New Jersey Supreme Court

Decided: October 21, 1957.


On appeal from the Superior Court, Law Division, Essex County.

For affirmance -- Chief Justice Weintraub, and Justices Oliphant, Wachenfeld, Burling, Jacobs and Francis. For reversal -- Justice Heher. The opinion of the court was delivered by Wachenfeld, J.


[25 NJ Page 136]

On April 11, 1955 Alfreida Johnson, infant daughter of plaintiff William Johnson, was struck by an automobile and suffered a severe fracture of the hip. She was conveyed by ambulance to the Newark City Hospital, now known as Martland Medical Center, where she was admitted as an emergency case. The hospital, a public institution owned by the municipality, is principally dedicated to the charitable care of indigents, but by virtue of an ordinance enacted in 1937, persons may be accepted for emergency treatment although they possess the financial resources to secure adequate care elsewhere.

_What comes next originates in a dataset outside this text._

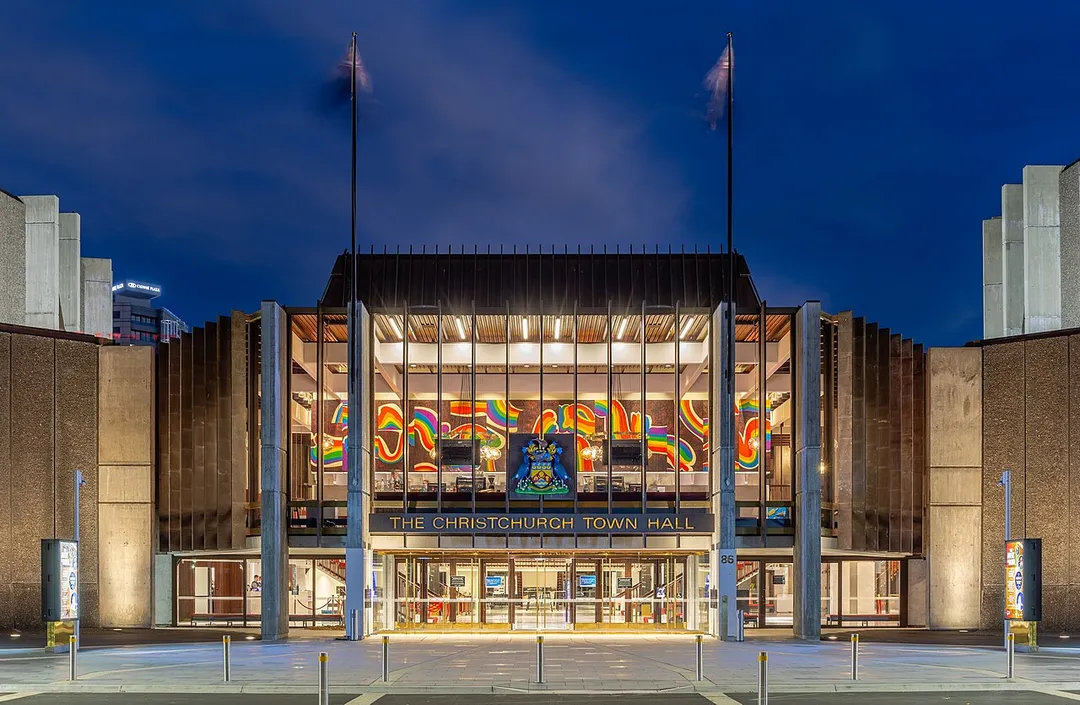 Christchurch Town Hall of the Performing Arts during the blue hour, Christchurch, New Zealand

Section 9.2 of the ordinance under consideration provides:

"Any person who shall receive emergency treatment and who is not indigent, shall be charged and pay the cost of such care and treatment at rates to be fixed by the director."

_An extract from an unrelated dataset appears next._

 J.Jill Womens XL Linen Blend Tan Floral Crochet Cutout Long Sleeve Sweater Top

Alfreida Johnson required hospitalization and medical treatment for a total of 70 days. Her hospital bill, computed at the normal rates for non-indigent patients as established by the medical director of the hospital, amounted to $1,190. Only $100 of this sum was ever paid to the city, however, and this fact is at the heart of the present litigation.

During 1955 William Johnson was a subscriber to the Hospital Service Plan of New Jersey, also known in common parlance as the New Jersey Blue Cross Plan. Under the terms of his individual contract with the Plan, his daughter was eligible for the benefits of his subscription.

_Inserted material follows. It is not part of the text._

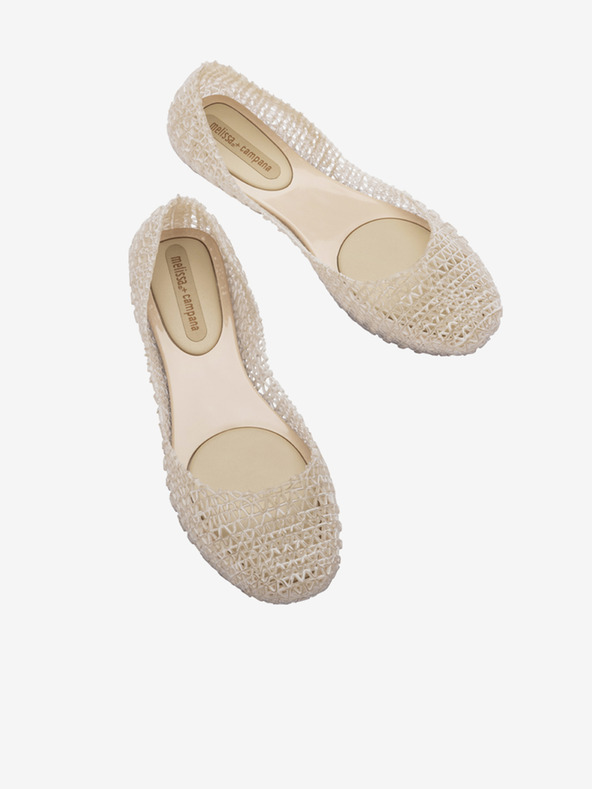 Melissa Campana Papel Brushed Ballet Pumps Blanco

The Department of Institutions and Agencies of the State of New Jersey in 1944 had approved the Newark City Hospital as a possible participant in the Hospital Service Plan. Thereafter, negotiations were commenced for the inclusion of the Newark City Hospital as a cooperating member of the Plan. These discussions eventuated in a purported agreement signed by the then Medical Director of the City Hospital, Dr. Earl Snavely, whereby certain fixed rates were to be paid the hospital by the Plan for the hospitalization and treatment of subscribers and eligible

[25 NJ Page 137]

members of their families. This agreement stipulated that payments made under its terms would constitute payment in full to the hospital.

The initial arrangement, made by Medical Director Snavely, provided for payment to the hospital at the rate of $5 per day for the first 21 days that a subscriber was hospitalized on an emergency basis, and for the payment of $3.63 per day thereafter for a period of not more than 90 days. Subsequently, this basic understanding was modified several times to increase the charges to the Plan, but the provision was always retained that the payment required of the Plan on behalf of any subscriber, or eligible member of his family, should constitute payment in full to the city.

At the time when Alfreida Johnson was injured the agreement with the Plan, signed by Medical Director Chmelnik, provided for payment of the flat sum of $100 per subscriber-patient regardless of the amount or quality of hospitalization required. Thus, if a subscriber to the Hospital Service Plan were taken into the city hospital as an emergency case and hospitalized for only one day, the Plan was nevertheless obligated to pay the full $100 to the hospital. Correspondingly, if 70 days of hospitalization and treatment were necessary, as here, the Plan was still obligated to pay only $100 as full compensation to the city.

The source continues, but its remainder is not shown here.